By Autumn Shelton
WV Press Association
The Senate Health and Human Resources Committee moved along four bills on Tuesday, including one to continue tracking over-the-counter cold and flu medicine purchases, and advanced a committee resolution to determine the impact that “benefit cliffs” have on the direct care workforce.
The first bill advanced, HB 3077, originally introduced by lead sponsor Del. Heather Tully, R-Nicholas, would repeal a section of state code which sets an expiration date on use of the multi-state real time tracking system.
As explained during the meeting, this system is an electronic logging system used by pharmacies and members of law enforcement to track purchases of over-the-counter cold and flu medication used to make methamphetamine. The system is provided at no-cost to the state by the National Association of Drug Diversion Investigators, and will expire on June 30, 2023, if the bill is not adopted.

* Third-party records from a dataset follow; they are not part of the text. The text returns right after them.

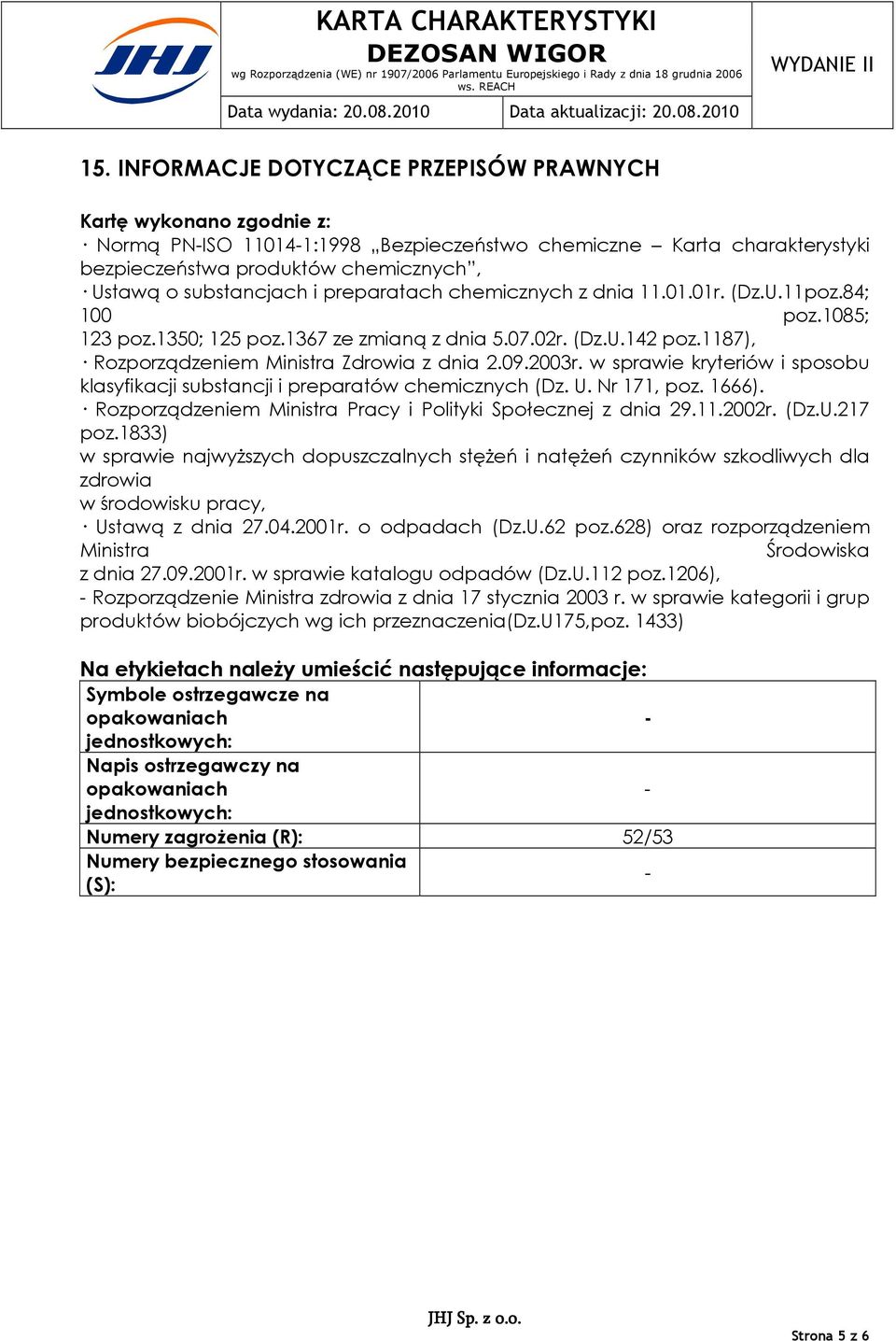 1187), Rozporządzeniem Ministra Zdrowia z dnia 2.09.2003r. w sprawie kryteriów i sposobu klasyfikacji substancji i preparatów chemicznych (Dz. U. Nr 171, poz. 1666).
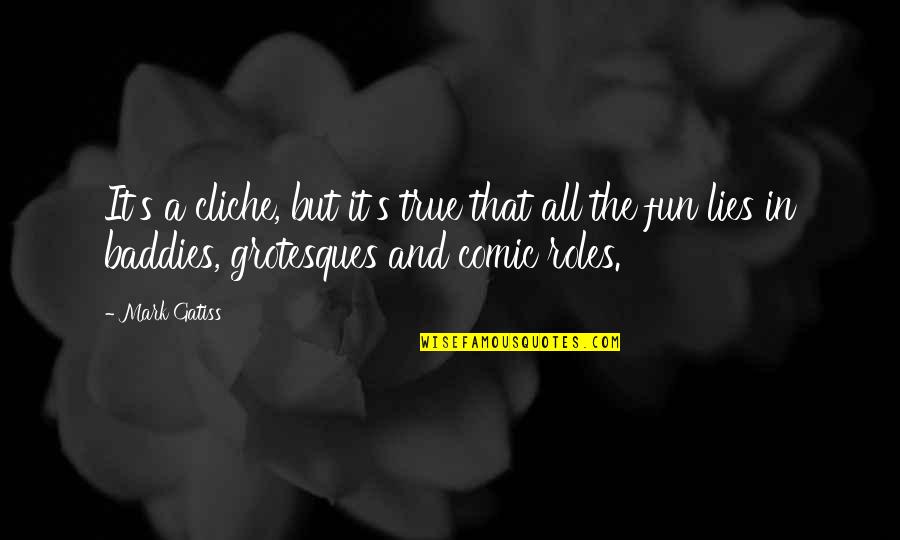 Grotesques Quotes By Mark Gatiss: It's a cliche, but it's true that all Grotesques Quotes By Mark Gatiss: It's a cliche, but it's true that all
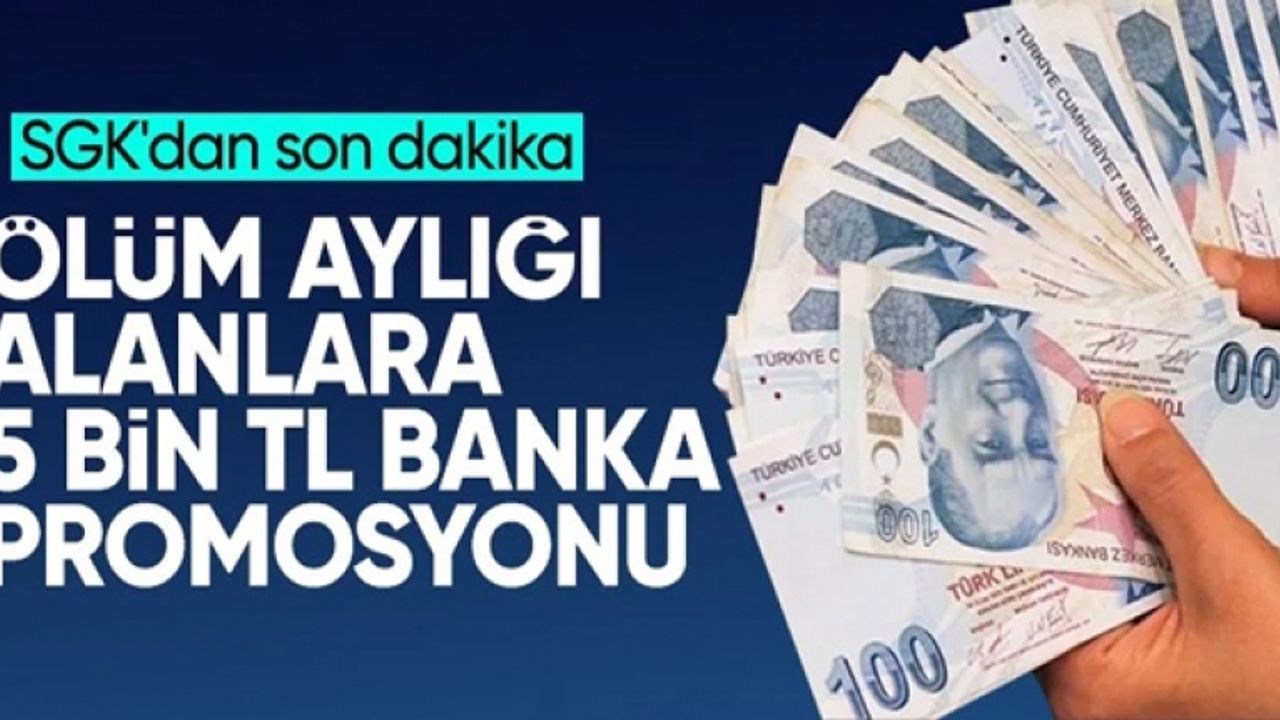 Ölüm aylığı alanlara müjde! 5 bin lira promosyon alabilecekler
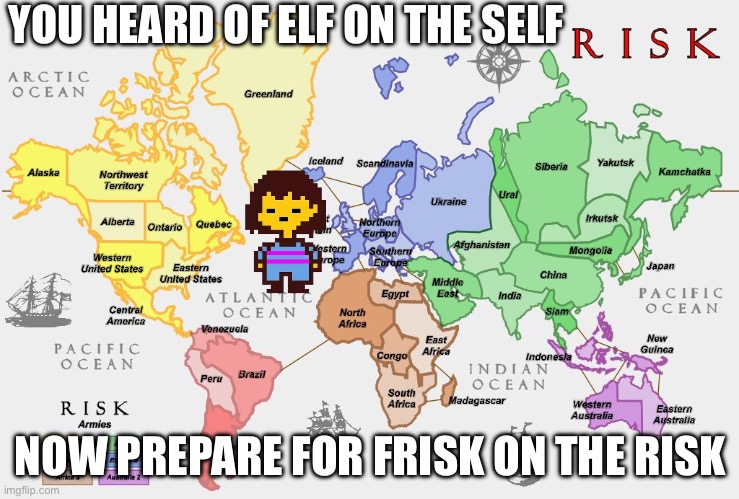 The Game of Risk! | YOU HEARD OF ELF ON THE SELF; NOW PREPARE FOR FRISK ON THE RISK | image tagged in the game of risk | made w/ Imgflip meme maker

Following the committee’s passage, the bill will now go before the full Senate for further consideration.
Next, the committee advanced HB 3306, first introduced by Del. Amy Summers, R-Taylor.
This bill, along with a strike-and-insert amendment, would change the organizational structure of the WV DHHR’s Office of Drug Control Policy.

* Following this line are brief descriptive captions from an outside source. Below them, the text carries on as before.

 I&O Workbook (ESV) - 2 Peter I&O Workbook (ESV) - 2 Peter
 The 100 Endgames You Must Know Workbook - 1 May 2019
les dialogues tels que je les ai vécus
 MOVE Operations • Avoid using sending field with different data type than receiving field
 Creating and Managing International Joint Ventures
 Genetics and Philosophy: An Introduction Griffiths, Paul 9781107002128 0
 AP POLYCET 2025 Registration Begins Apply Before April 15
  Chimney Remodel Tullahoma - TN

It would create a sober living facility and recovery residence task force consisting of the executive director of the state’s Prosecuting Attorneys Institute, the secretary of the Department of Homeland Security, the West Virginia Attorney General, the West Virginia Alliance for Recovery Residences, the state health officer, the commissioner for the Bureau of Behavioral Health and the state inspector general.
The task force would be responsible for reviewing laws as they relate to sober living homes and recovery residences and would be required to make yearly recommendations on these facilities to the Legislative Oversight Committee on Health and Human Resources Accountability.
The bill also states that the director of the Office of Drug Control Policy may be appointed by the governor, instead of the DHHR secretary, with Senate consent, and it provides that the director will report to the governor and work in cooperation with the officers of the Bureau for Public Health and the Bureau of Behavioral Health.
HB 3306 would also create a fund to pay for hospital services, and it would lessen the time to submit certain data, like fatal drug overdoses, to a centralized database from 72-hours to 24-hours after a provider responds to an incident.
This bill, as amended, will now go before the full Senate.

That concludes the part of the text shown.